■ Task item
From the line containing "Nurse Graphic Tee Bt" down to the last line of the entries, print each line exactly and leave the pictures out.

■ Exercise input
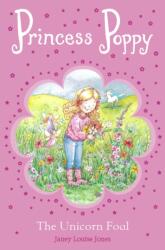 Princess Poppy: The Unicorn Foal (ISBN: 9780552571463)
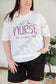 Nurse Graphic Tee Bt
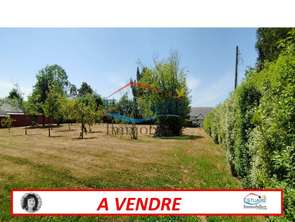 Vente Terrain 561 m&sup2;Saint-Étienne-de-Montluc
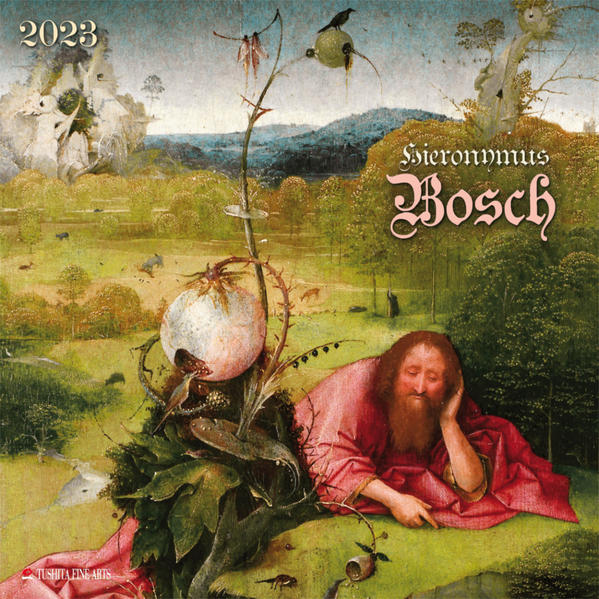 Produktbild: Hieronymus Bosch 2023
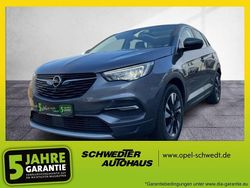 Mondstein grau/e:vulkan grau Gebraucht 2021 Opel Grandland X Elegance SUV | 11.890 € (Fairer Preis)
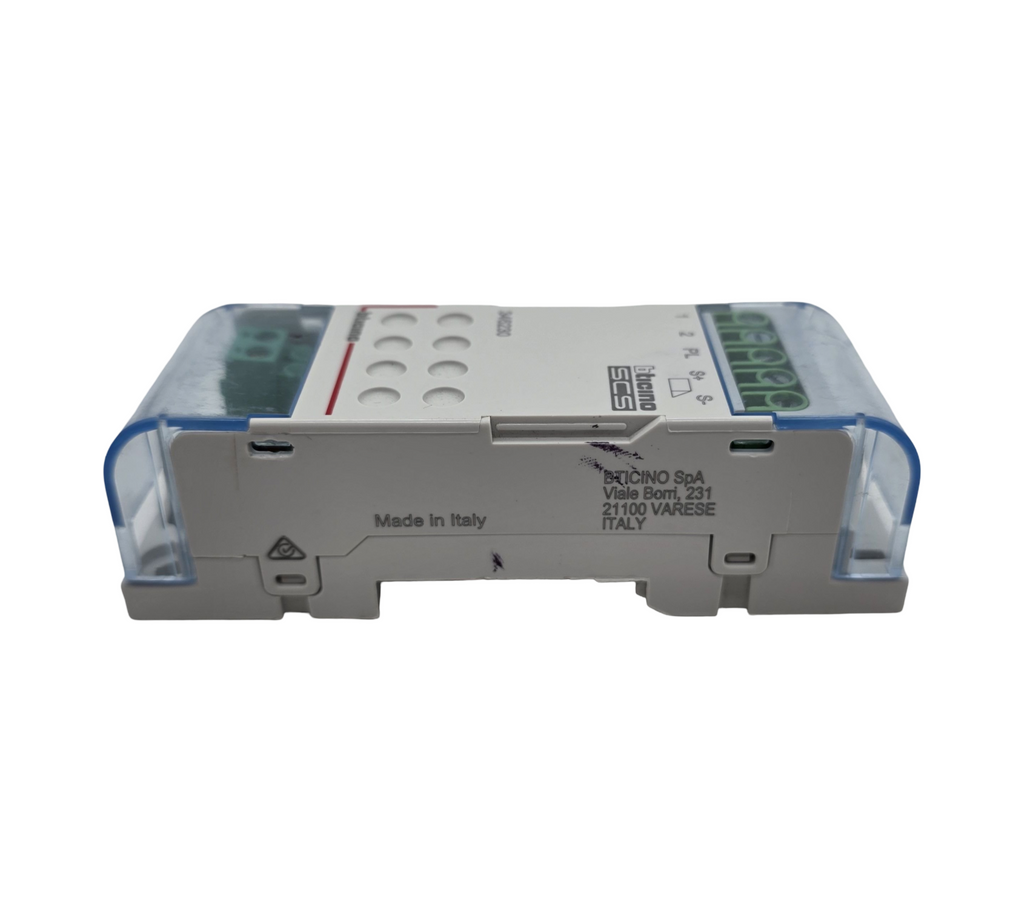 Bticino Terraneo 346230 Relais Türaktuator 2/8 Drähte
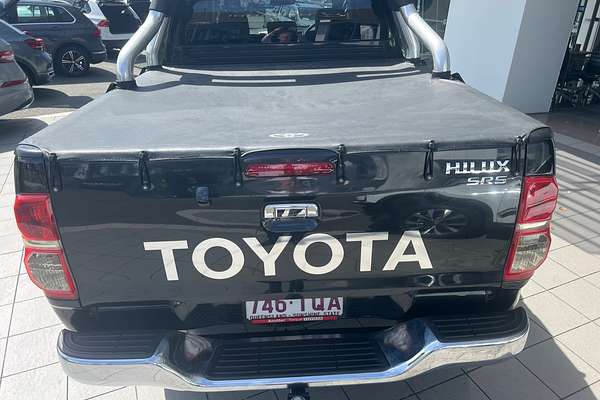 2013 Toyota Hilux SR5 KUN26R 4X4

■ Answer for the task
 Nurse Graphic Tee Bt
 Vente Terrain 561 m&sup2;Saint-Étienne-de-Montluc
 Produktbild: Hieronymus Bosch 2023
 Mondstein grau/e:vulkan grau Gebraucht 2021 Opel Grandland X Elegance SUV | 11.890 € (Fairer Preis)
 Bticino Terraneo 346230 Relais Türaktuator 2/8 Drähte
 2013 Toyota Hilux SR5 KUN26R 4X4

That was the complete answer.